4. Il résulte des dispositions citées au point précédent, éclairées par leurs travaux préparatoires, que pour tenir compte de la possibilité qu'ont les travailleurs indépendants de procéder à des arbitrages sur les recettes et les charges servant à la détermination de leur bénéfice et ainsi maximiser leur bénéfice en 2018, le caractère non exceptionnel du bénéfice de 2018 est apprécié sur une période pluriannuelle. Ainsi, si un contribuable imposé à l'impôt sur le revenu dans la catégorie des bénéfices industriels et commerciaux, des bénéfices agricoles ou des bénéfices non commerciaux réalise, au titre de l'année 2018, un bénéfice supérieur au plus élevé des montants de ses bénéfices de 2015, 2016 ou 2017, le crédit d'impôt de modernisation du recouvrement dont il peut bénéficier est plafonné au niveau du montant le plus élevé de ces trois années, la différence étant réputée constituer un revenu exceptionnel. Si son bénéfice au titre de 2019 est plus élevé que celui de 2018, le bénéfice de 2018 est réputé ne plus être exceptionnel de sorte qu'il est octroyé de plein droit au contribuable un crédit d'impôt complémentaire effaçant l'intégralité de l'impôt qu'il a acquitté au titre de 2018 sur ce bénéfice.
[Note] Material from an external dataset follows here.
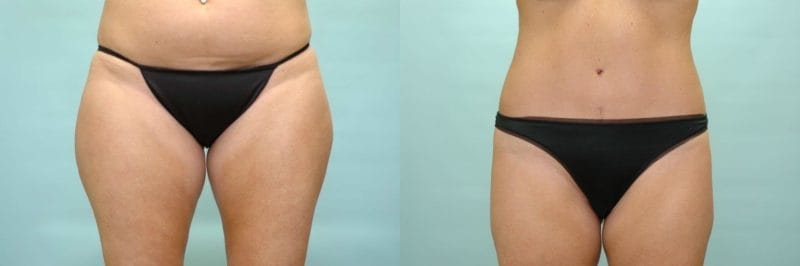 Liposuction before and after result, case 03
Si son bénéfice de 2019 est inférieur à son bénéfice de 2018 mais supérieur au plus élevé des bénéfices réalisés en 2015, 2016 et 2017, il lui est également octroyé de plein droit un crédit d'impôt complémentaire, limité à la différence entre le bénéfice le plus élevé des trois années de référence et le bénéfice réalisé en 2019. Il peut en outre, dans cette dernière hypothèse, présenter une réclamation à l'administration fiscale pour obtenir un complément de crédit d'impôt pour éliminer la totalité de l'impôt sur le revenu au titre de son bénéfice de 2018, sous réserve qu'il établisse que la part du bénéfice de cette année supérieure aux quatre années de référence correspond à un surcroît d'activité.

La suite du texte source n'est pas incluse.